Os portos europeus enfrentam um cenário crítico de congestionamento, reminiscentes dos desafios logísticos da pandemia de Covid-19. Atualmente, a situação é agravada por uma combinação de alta demanda, reestruturação de alianças de transporte, greves e condições hidrológicas desfavoráveis. O impacto nas cadeias de abastecimento pode se estender até agosto de 2025.
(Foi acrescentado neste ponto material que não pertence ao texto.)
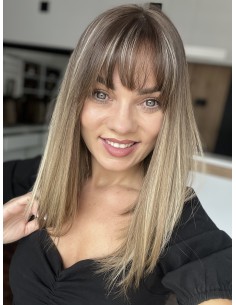 BAJA 40 CM- Peruka z włosów naturalnych  z grzywką  "S" PREMIUM -Mikroskóra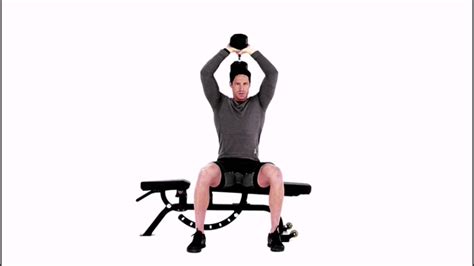 Single Dumbbell Seated Overhead Triceps Extension Exercise Youtube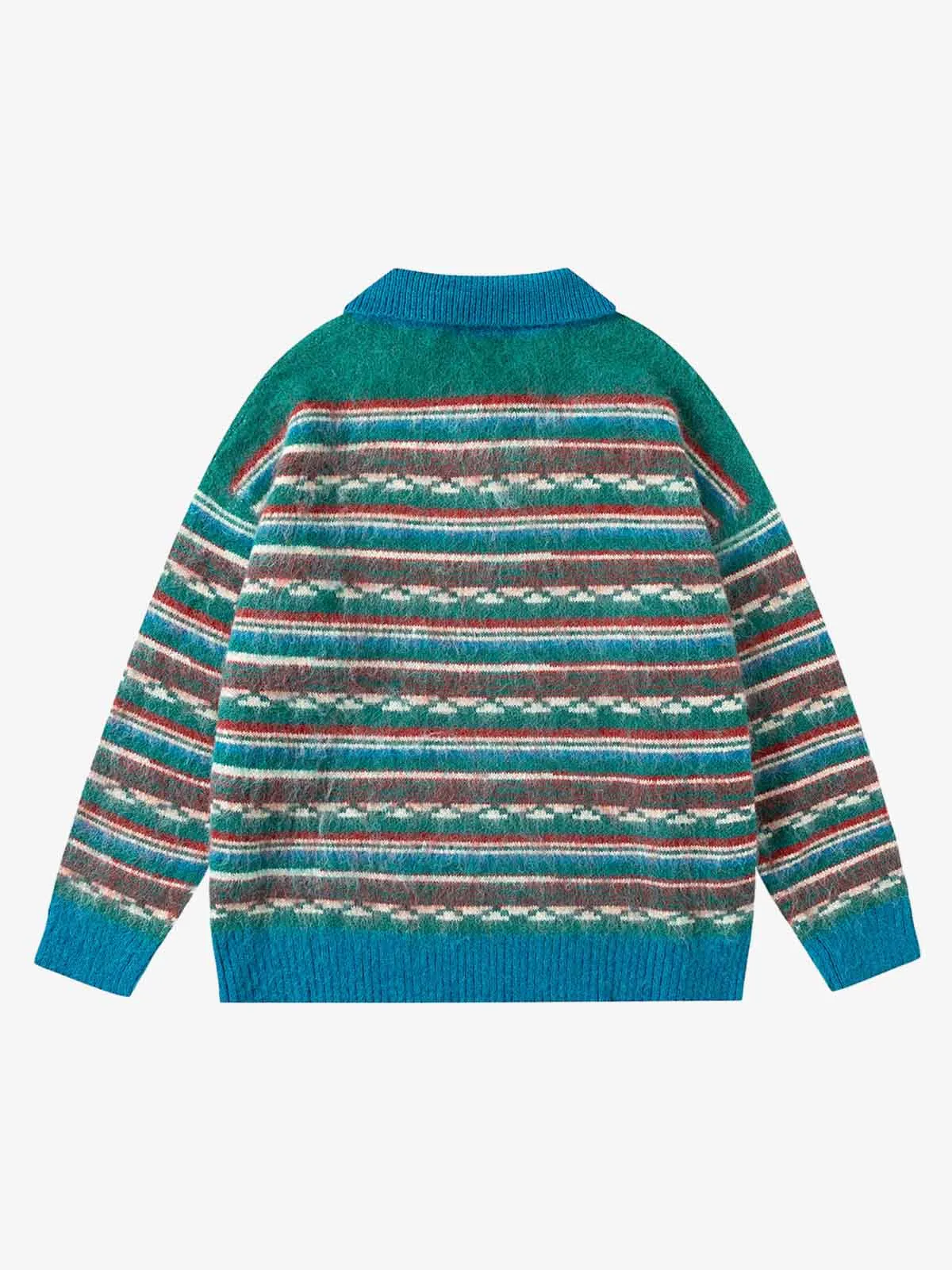 Vintage Striped Jacquard Polo Knit Sweater sold by Thesupermade product image thumbnail 2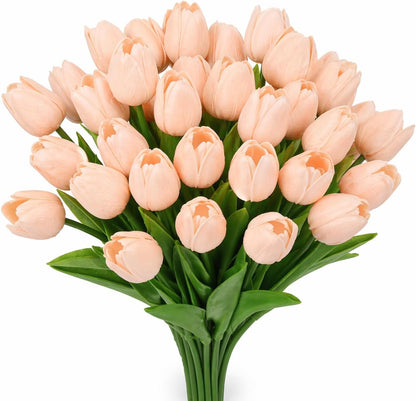 MACTING 30 PCS Artificial Tulip Flowers 13.7" Real Touch Fake PU Tulips Bouquet Faux Flowers for Floral Arrangements Table Centerpieces Kitchen Mothers Day Summer Decorations,Light Pink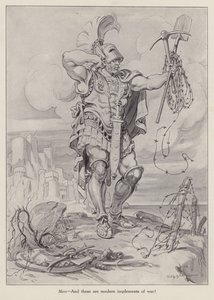 Mars, de Romeinse god van de oorlog met schoppen en prikkeldraad gebruikt in loopgravenoorlog (litho) door American School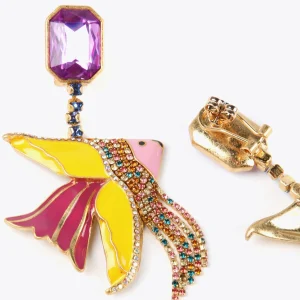 Lola Casademunt Bisuteria<Pendientes pez de colores LILA-AMARILLO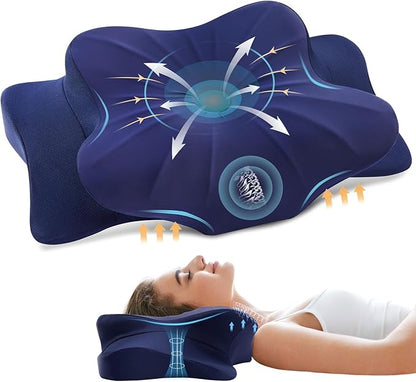 Memory Foam Cervical Pillow for Neck and Shoulder, Ergonomic Contour Cervical Neck Pillow for Sleeping, Cooling Neck Support Pillows for Side Back Stomach Sleeper Standard Size Deep Blue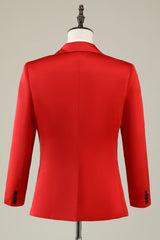 Stylish Notched Lapel Red Prom Blazer for Men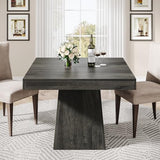 Tribesigns Square Dining Table for 4, 31.5-Inch Small Kitchen Table with Sturdy Pedestal Base, Farmhouse Dinner Table for Dining Room, Living Room, Kitchen (Gray) Tribesigns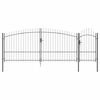 vidaXL Tuinpoort WOERDEN 175 x 500 cm Staal Grijs Vergrendelbaar
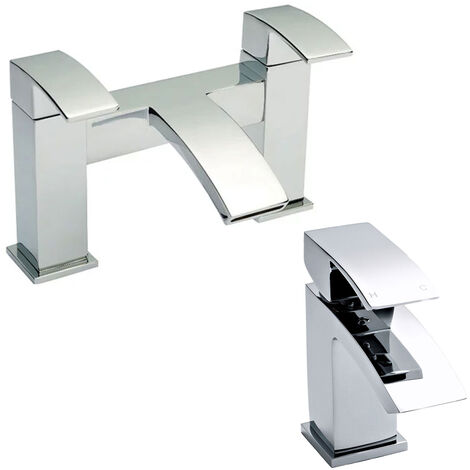 Hudson Reed Vibe Mono Basin Mixer Tap and Bath Filler Tap - Chrome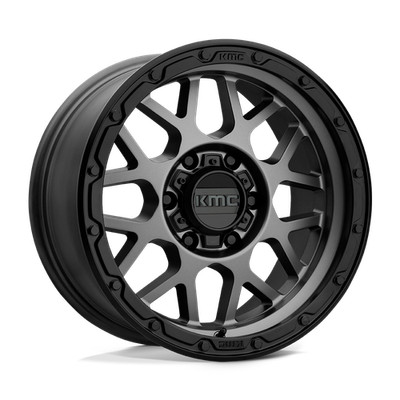 17x8.5 KMC KM535 GRENADE OFF-ROAD Matte Gray Matte Black Lip Wheel 6x120 (0mm)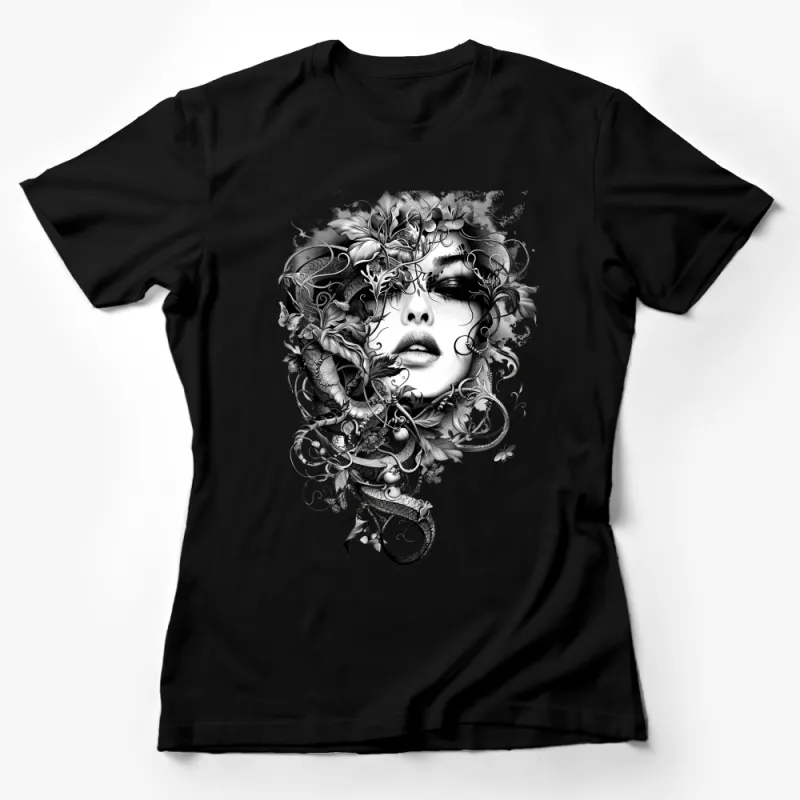 Women's Mystical Fantasy Art T-Shirt, Floral Serpent Graphic Tee, Monochrome Illustration Shirt, Bohemian Style Clothing, Unique Artwear Female T-Shirt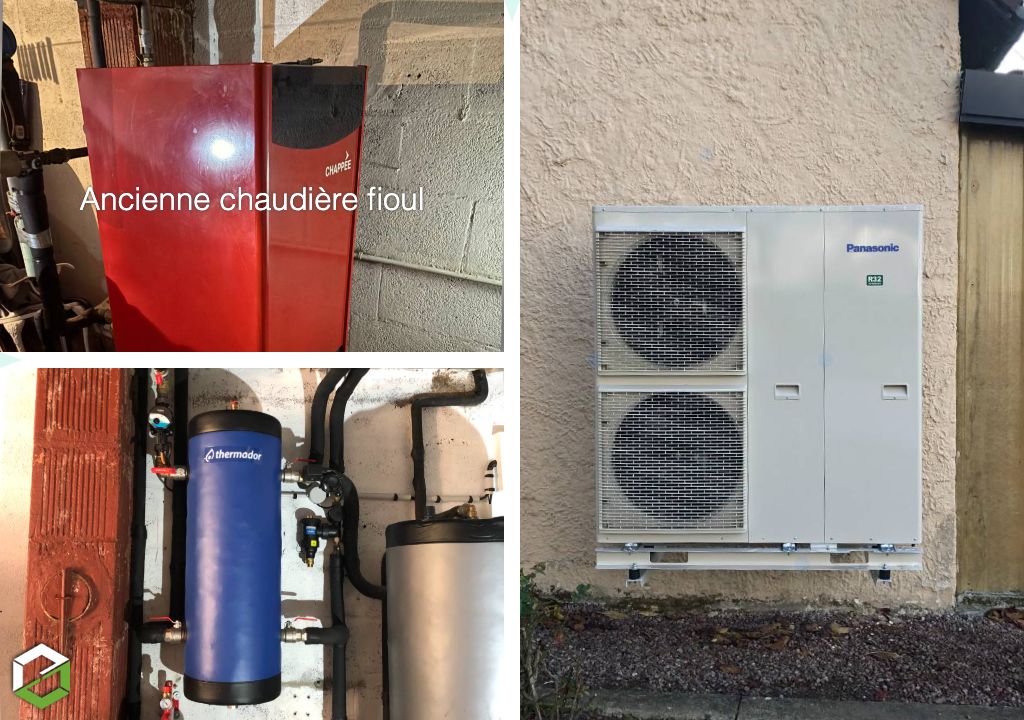 Consultez la chantier : remplacement d'une chaudière fioul par une pompe a chaleur air-eau panasonic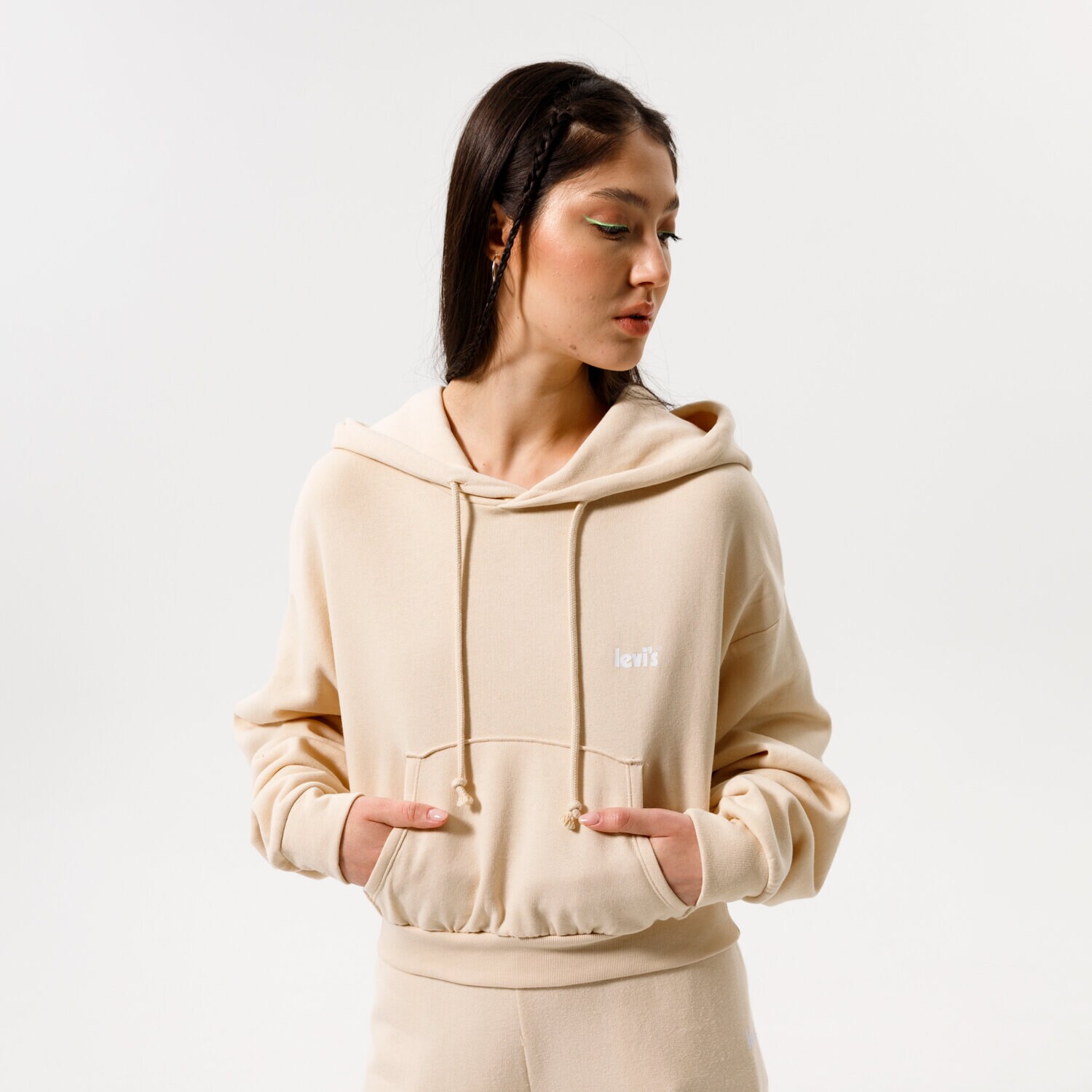 dámská mikina LEVI'S MIKINA S KAPUCÍ LAUNDRY DAY SWEATSHIRT A1782-0000 BÉŽOVÁ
Nos principais portos, como Roterdã, Antuérpia e Hamburgo, o tempo de desembarque de navios aumentou drasticamente, passando de horas para 66 a 77 horas. Essa situação gera preocupações sobre a distribuição de suprimentos essenciais para diversas indústrias. De acordo com analistas da consultoria Lloyd’s List Intelligence, quatro fatores principais contribuem para o congestionamento: aumento da demanda por transporte, reestruturação das alianças de transporte marítimo, greves e condições hidrológicas adversas.
A DHL, um dos principais grupos de logística, observou um aumento de 7% no volume de contêineres da Ásia para a Europa em comparação ao ano anterior. O executivo sênior da DHL, Casper Ellerbaek, destacou que a Europa está absorvendo uma parte significativa do mercado que tradicionalmente era destinada aos Estados Unidos. Além disso, a recente ruptura da aliança entre Maersk e MSC, juntamente com greves na Bélgica, intensificou os atrasos nos serviços portuários.
A seca em regiões como o Reno também tem dificultado a navegação, aumentando os desafios logísticos. Os analistas alertam que, se a situação não se estabilizar, os atrasos podem encarecer os custos de frete, impactando diretamente o varejo e a indústria. O cenário atual exige atenção, pois os efeitos do congestionamento podem reverberar em diversas cadeias produtivas.